One night, mom and dad managed to drag everyone over to see my apartment. I don’t know why they insist showing the family that at 23 I’m still far too irresponsible to take out my recycling in a timely fashion or vacuum regularly, but they do. We ended up having drinks at the bar that’s in my building, The Beer Authority. If you’re ever in Lake City and want some delicious brews, go there. It’s like Narnia and Beer Fest had a love child then put it in my place of residence with giant Jenga. I can’t under hype the greatness that is giant Jenga, you guys. It’s awesome.

The owner of this little spot, Burke, saw me walk in with a giant troupe of older people and a baby. I told him it was my family and they were in town visiting. So he came over to serve us and introduce himself to everyone. Pat had a hard time understanding him…

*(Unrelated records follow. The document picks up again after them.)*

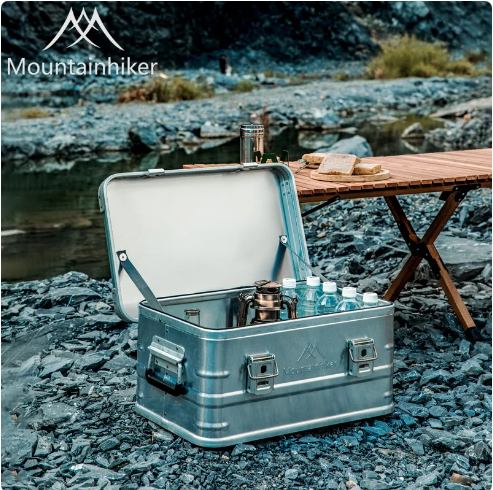  Mountainhiker 알루미늄 합금 대용량 야외 보관함, 캠핑 피크닉 여행 캠핑박스, 60~80L, 3 가지 크기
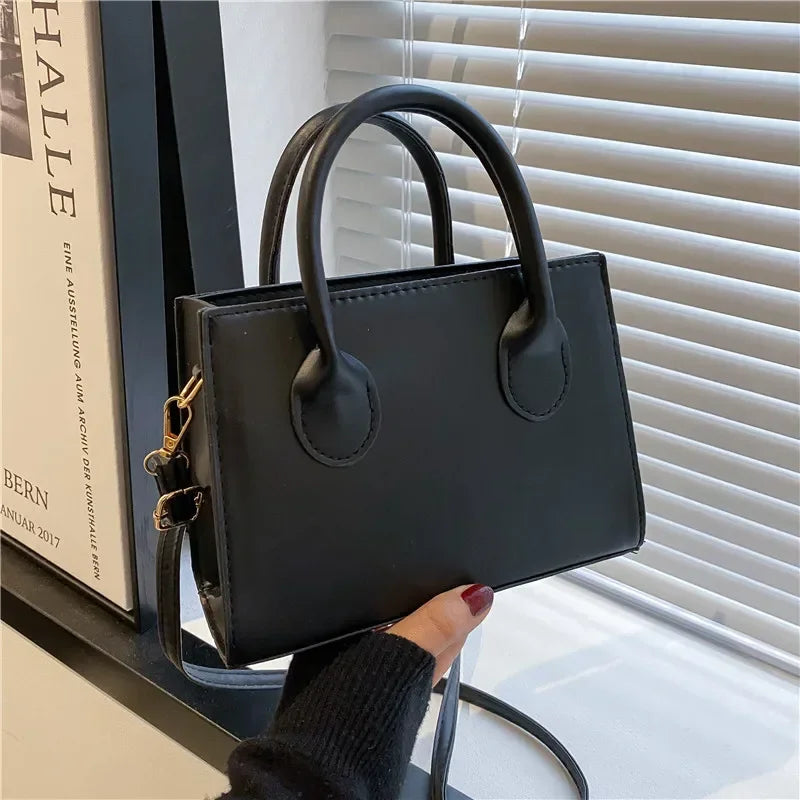 Minimalist Black Small Square Bag All-Match Top Handle Purse Classic Shoulder Bag for Work Women Handbags Crossbody Bags Purse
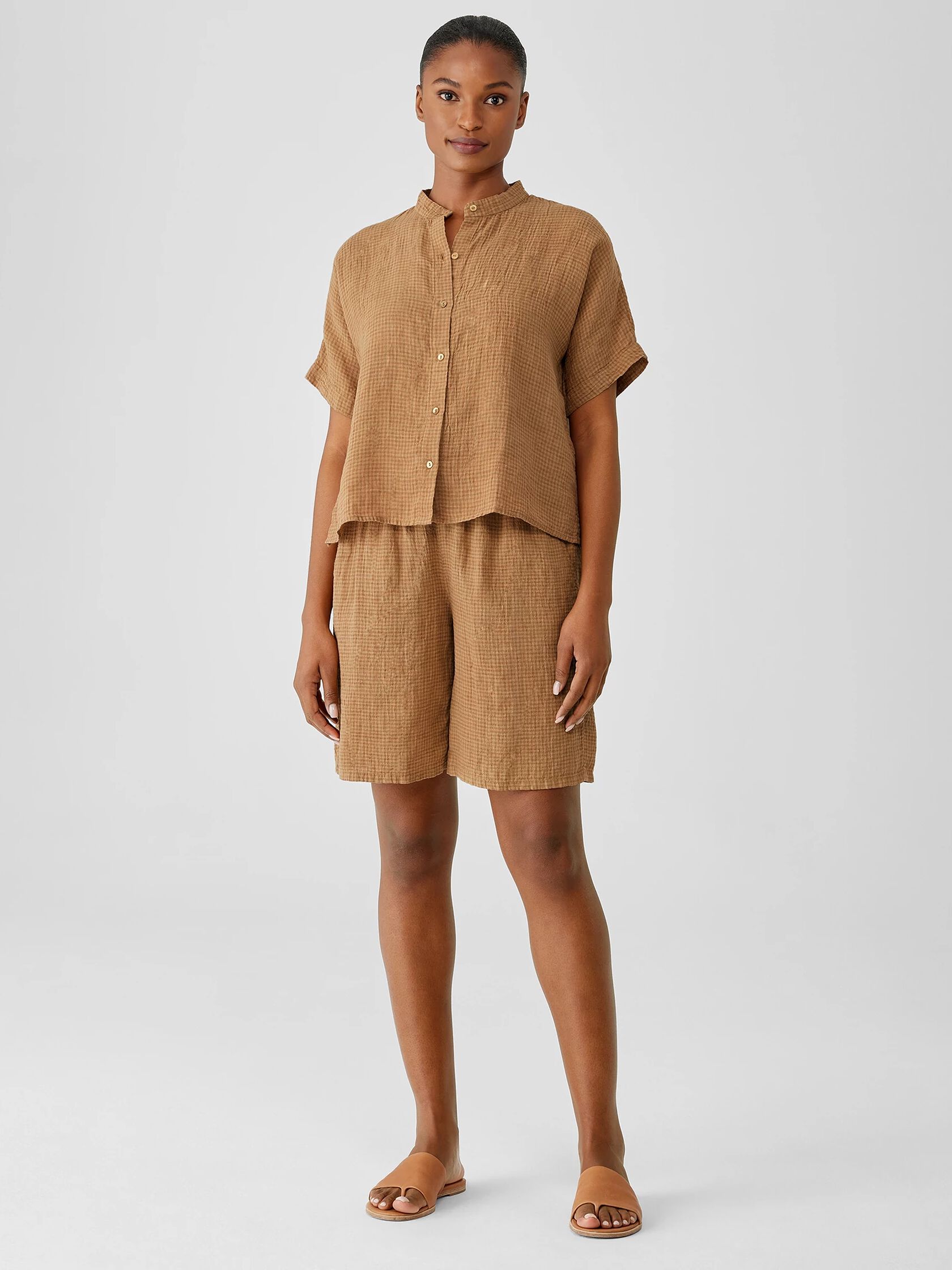 Puckered Organic Linen Short-Sleeve Shirt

Pat: What’s your name again?
Burke: Burke.
Pat: Burt? Like Burt Reynolds?
Burke: *laughs* I wish that was my name!

Bob spent the evening people watching. Lake City draws a pretty interesting crowd, to say the least. One of the other regulars is the reason I have a “no making out with anyone at The Beer Authority” rule. I’m sure you can figure out the backstory. It’s not one that I’m either proud of or willing to share. But let’s be honest…EVERYONE has drunkenly made out with someone that they later regret. Don’t lie to yourself…we’ve all been there. You can admit it. This is a safe place.

At any rate, Bob leaned over to comment on this particular gentleman’s appearance.

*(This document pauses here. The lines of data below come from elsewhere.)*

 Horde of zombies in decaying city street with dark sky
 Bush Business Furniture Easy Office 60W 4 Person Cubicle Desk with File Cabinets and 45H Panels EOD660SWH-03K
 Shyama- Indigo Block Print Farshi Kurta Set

Bob: See that person up at the bar, in the black hat and sweatshirt?
Sara: Yep, why?
Bob: I’ve figured it out now, but when he first walked in I thought to myself “Is that a man or a woman?” Then I saw that pathetic excuse for a beard, and I figured it out. Some of these young kids these days…*laughs*.
Sara: (While Lindsay, knowing who the guy is, snickers)…goddamnit Bob.
Bob: What, the kid looks womanly! It’s not my fault I was confused.
Sara:...I know.
*Lindsay continues to snicker*

At at table across from us, there was a group of people who appeared to be deaf, as they were having a conversation in sign language. Dad, thinking it was interesting, pointed it out to us. Literally.
Dad: I think all these people at that table are deaf because they're talking in sign language.
Lindsay: Dad, just because they're deaf doesn't mean they can't see you pointing at them. And I noticed them when we sat down.
Dad: No you didn't. I saw them first. I am the Ayatollah. I am all-seeing.

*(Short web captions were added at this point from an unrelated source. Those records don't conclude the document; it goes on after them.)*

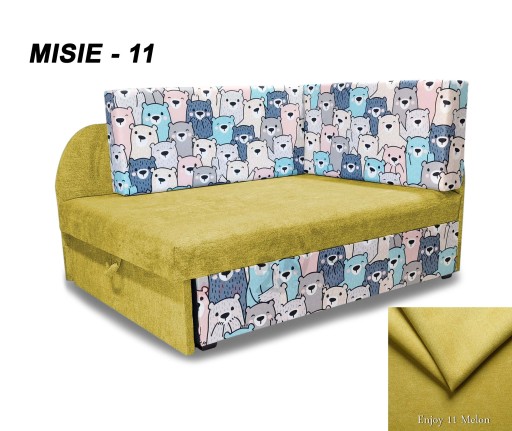 Rozkładane łóżko dla dziecka, sofa, narożnik KUBUŚ, dużo kolorów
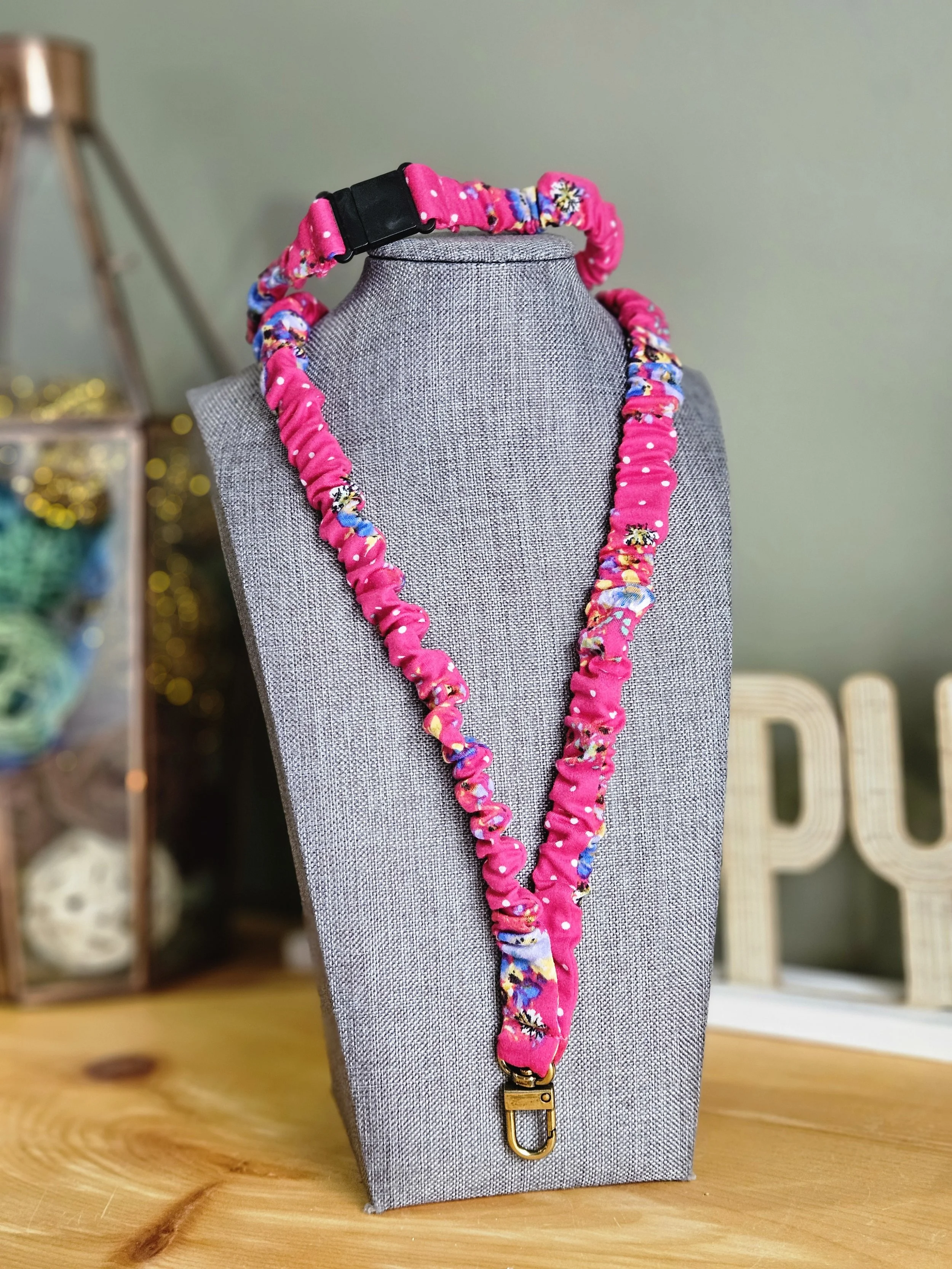 Pink with Floral Soft Knit Break-away Scrunchie Lanyard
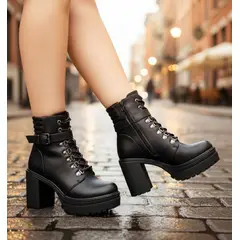 SNOOPY - Botin Mujer Taco Alto con Plataforma M583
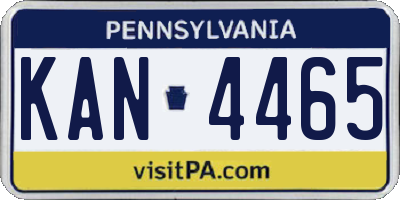 PA license plate KAN4465
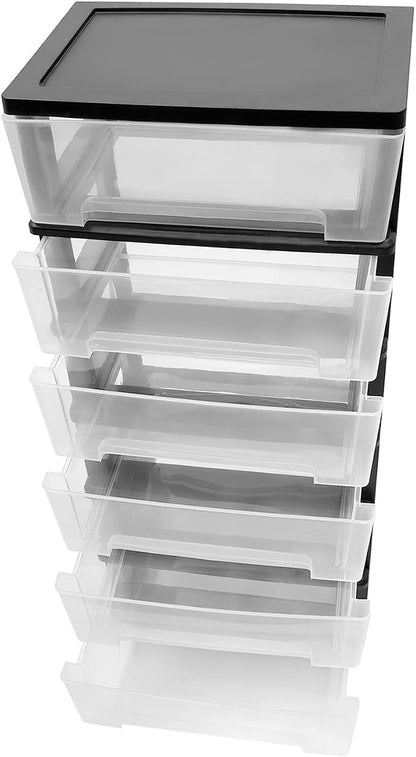 6 Clear Drawer Storage Organizer Rolling Cart, Movable Storage Tower - Image 6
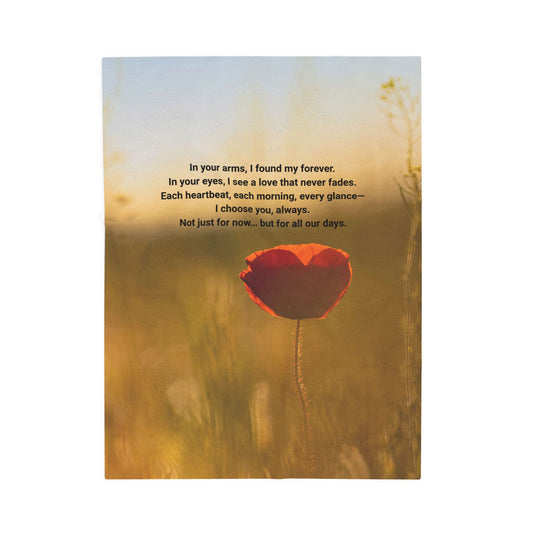 Featuring a red poppy in a field with black text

Did we mention we brought a baby to a bar?

This last weekend, we all took a trip down to Lindsay’s for empanadas and Sara was one of the designated drivers. She had the pleasure of taking Dad and Bob down…both of whom were very drunk by the time we left (at 4:30 in the afternoon) and passed a can of Bud Light around the car like we were 17 again. The whole hour and fifteen minutes, Bob wouldn’t stop asking “are we there yet?” while Dad kept harassing me with Batdad impressions. If you haven’t seen Batdad, go here: http://www.youtube.com/watch?v=YlVi0noRr-o

Here are some excerpts of dinner conversation while at Lindsay’s:

Mom: Pat, how do you like it?
Pat: It’s good.
Mom: Do you ever say anything is better than good?! You said the king salmon at Anthony’s was just good. The bloody mary was just good. Everything’s just good to you!
Pat: Well they all WERE good.  

Dad: (watching a commercial for FIFA 14) There’s a soccer video game?! Holy shit!
Sara: There are 13 other ones too.
Dad: I didn’t think anyone liked soccer enough in this country!
Sara: Apparently they do!
Dad: Why don’t you buy that?
Sara: Because I suck at video games.
Dad: Why?
Sara: Because you never let me buy or play any when I was a kid. Something silly about playing outside or reading books or whatever.
Dad: Well now you can buy that one and 14 cats, then play it all day in your apartment and never leave. That’s how you want your life to go, right?
Sara:…I’d pretend to be offended if that didn’t actually sound appealing.